CSE 291 LECTURE NOTES

January 4, 2005
 
 

WELCOME

See the introductory information.


REASONING VERSUS LEARNING

Probability theory is deductive, i.e. a form of reasoning:  "Given information about a certain probability distribution, what is the probability of a certain event?"

Statistical inference is inductive, i.e. a form of learning:  "Suppose we assume a family of probability distributions, and we observe certain events.  Which member of the family should we use for future reasoning?"

All inductive reasoning has two important properties:  (1) the conclusion is not guaranteed to be true, and (2), the conclusion depends on assumptions (i.e. prior knowledge) in addition to depending on observations.

Example:  Consider a large population of neurons.  At age t, proportion pi(t) are still alive.  At ages t1, t2, ... we take a random sample of n neurons and count how many are alive.  An observation is an ordered set (r1 ... rs) of integers.  Terminology: Note that here one observation x is an entire vector  (r1 ... rs)  of multiple measurements.

If pi(t) is known, then p(r1 ... rs) = PRODUCT_i=1 s  (n choose ri) pi(ti)^ri [1 - pi(ti)]^(n - ri).  This computation is an example of deductive reasoning using probabilities.

But pi(t) is not known!  What we know (that is, what we assume) is that pi is a non-increasing function of t, and we want to induce what pi(t) is.

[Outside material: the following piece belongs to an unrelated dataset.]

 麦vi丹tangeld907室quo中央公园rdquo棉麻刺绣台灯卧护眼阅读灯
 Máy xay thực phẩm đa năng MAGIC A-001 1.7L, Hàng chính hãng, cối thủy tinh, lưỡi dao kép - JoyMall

Note the role of prior knowledge: even though the sequence (r1 ... rs) may not be non-increasing, we assume that pi is.

Generally, we assume a family P_theta of possible distributions on the sample space {x} and the task is to choose an appropriate theta.  Here, the observation x is (r1 ... rs).

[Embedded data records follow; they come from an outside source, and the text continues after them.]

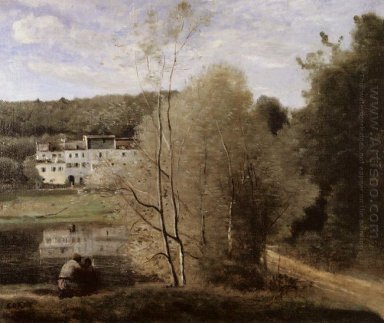 El estanque y las casas Cabassud En Ville D Avray 1860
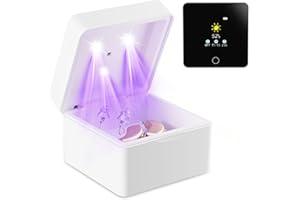 IHEARUP OTC Hearing Aids Dryer & Dehumidifier, Electric Cleaning Accessory, Lithium Battery Powered, Portable & Compact,Type-C Charging Port, Direct Drying Solution (White Cable)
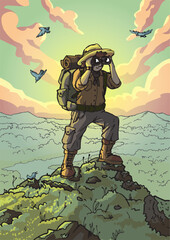 The tourist standing on a mountain peak and Look through binoculars. Around the him flying blue birds. Behind open forest landscape with the river. Warm Dawn, pink clouds and emerald sky.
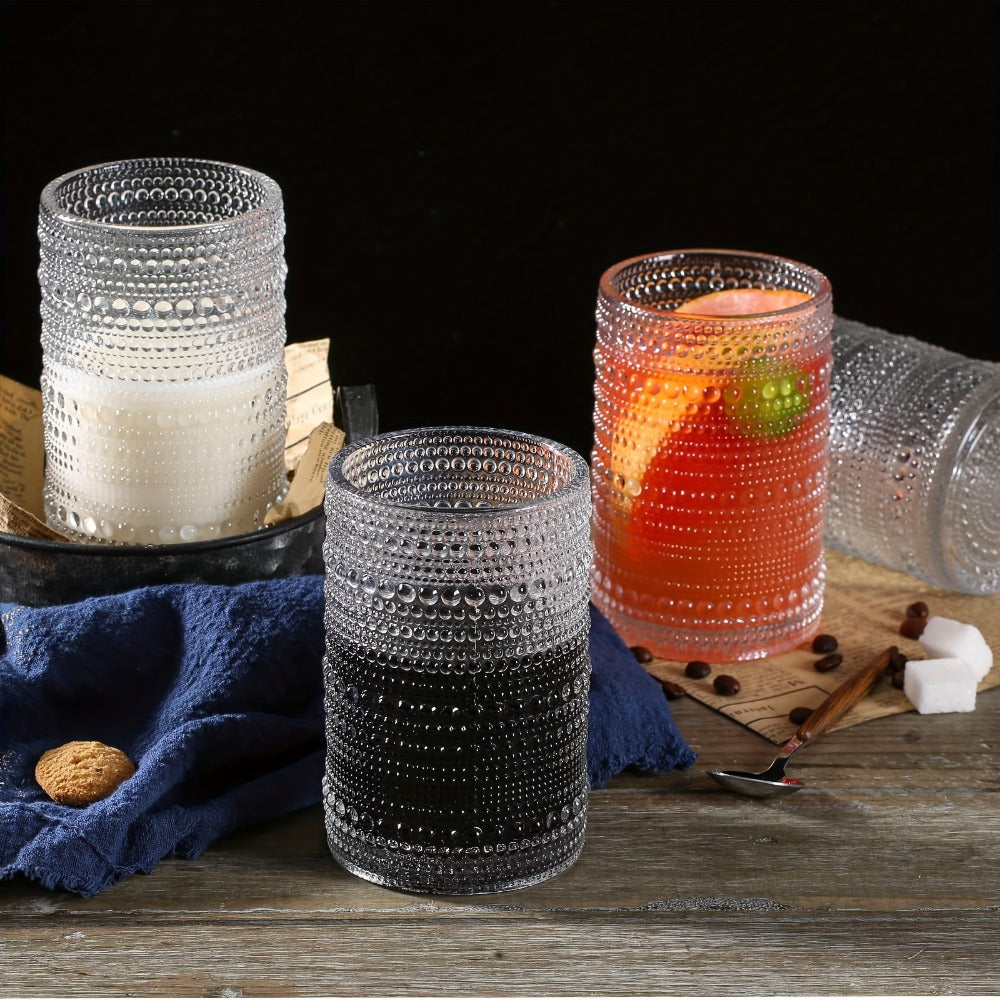 Hobnail Drinking Glasses Set of 6 ¨C 13 Oz Large Clear Glass Cups for Water, Wine & Cocktails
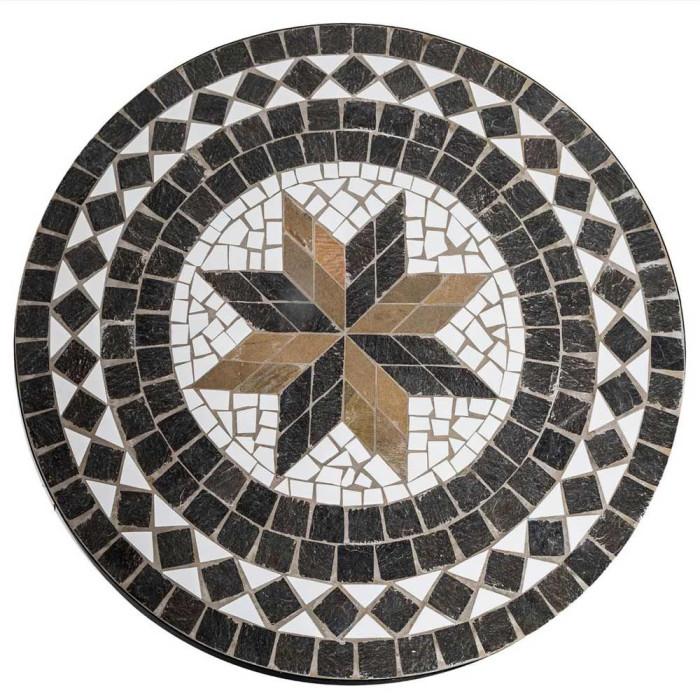 Paris Prix Table De Repas Ronde Mosaïque "Kipos" 90cm Noir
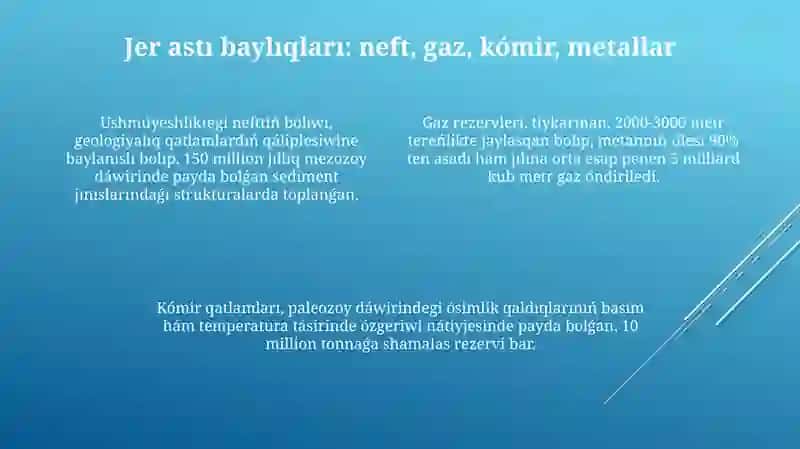 Ushmúyeshlik aymaǵınıń geologiyalıq dúzilisi 4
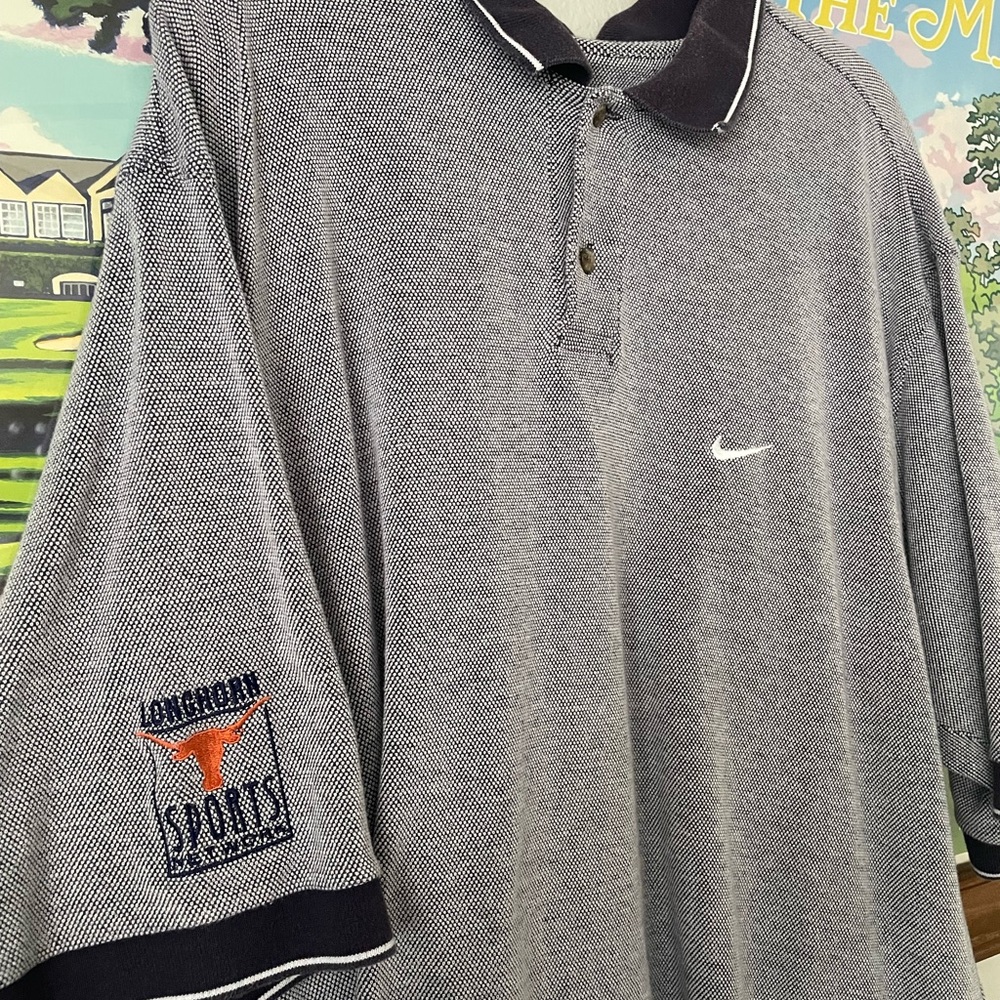 Vintage 90s Nike Golf Polo Shirt XXL Gray Texas Longhorns Sports Network Patch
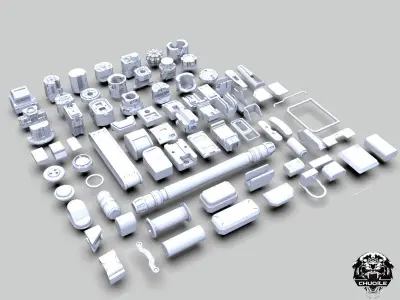 Sci-fi Hard Surface Kitbash 3D model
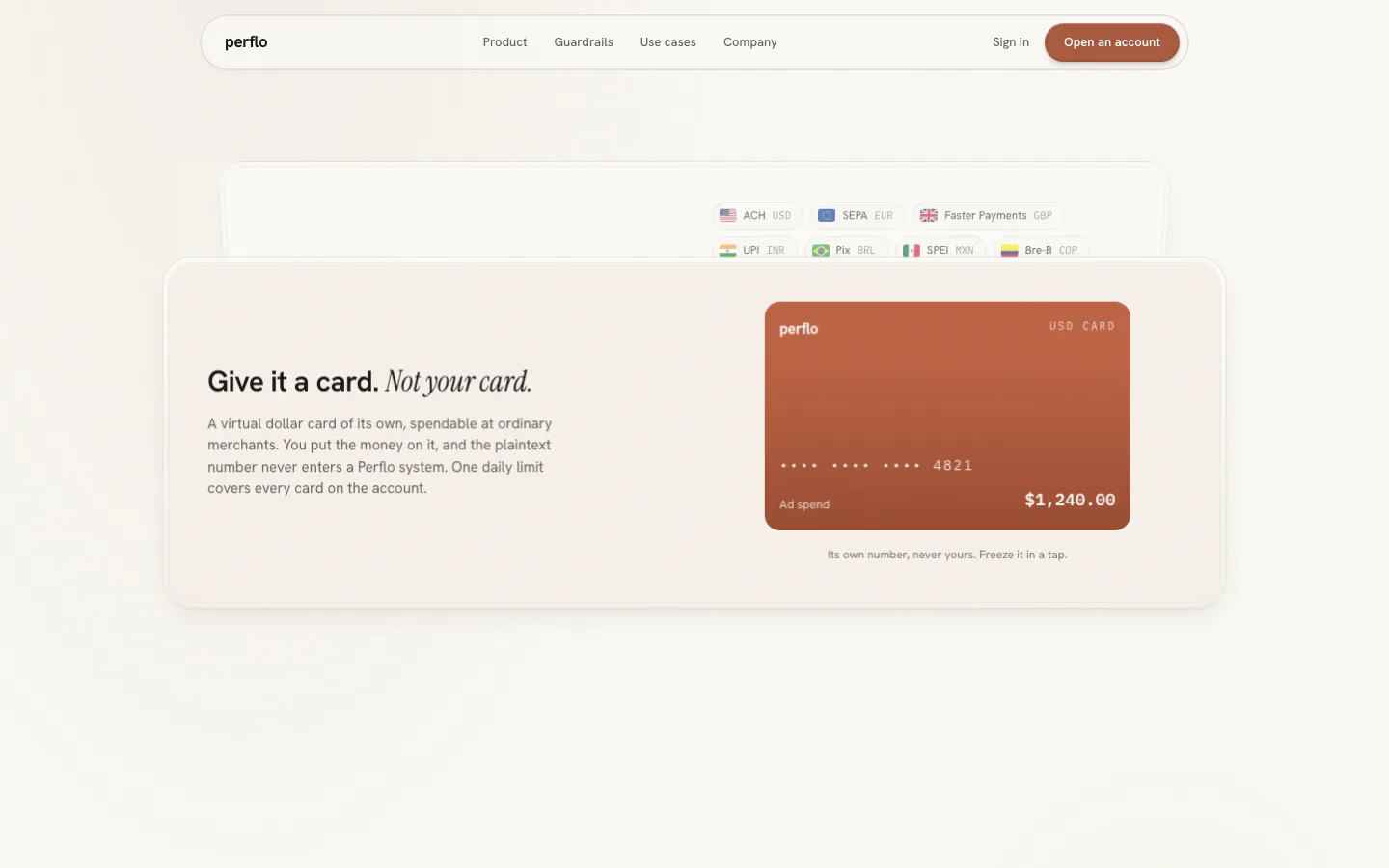 The card panel arrives on top of the bank panel. Nothing to click, nothing hidden.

General idea:  Given observed data x, choose theta such that P_theta(x) is high.  We'll return to this idea, which is called "maximum likelihood."

 

POINT ESTIMATION

We'll start with the classical theory of parameter estimationg, because this is one of the great achievements of 20th century mathematics.  The notes below are based originally on the book by S. D. Silvey.  The book is available through Amazon and elsewhere; see addall.com.

Often we don't need to make a commitment to a particular entire distribution P_theta.  Instead, we just want to know some property of P_theta, for example the t* such that pi(t*) = 0.5, which is the age at which half the neurons are still alive.  Finding the best guess for t*, based on observations and assumptions, is called "point estimation" or "parameter estimation."

Formally, we are given (1) a sample space X = { x }, (2) a family of distributions on X {P_theta: theta in Theta}, and (3) a function g: Theta -> R.  There is a true but unknown theta and hence a true but unknown value g(theta).

An estimator is a function g hat : X -> R.  Given a particular outcome (aka observation, aka training data) x, g hat(x) is an estimate.  Note that the estimator is our learning algorithm, while the estimate is the result of applying this algorithm to a particular set of observations.

Example: Suppose x = (x1 ... xn) is an iid sample from a univariate normal distribution with parameter theta = (mu, sigma^2).  The obvious estimator for mu is the sample average, x bar .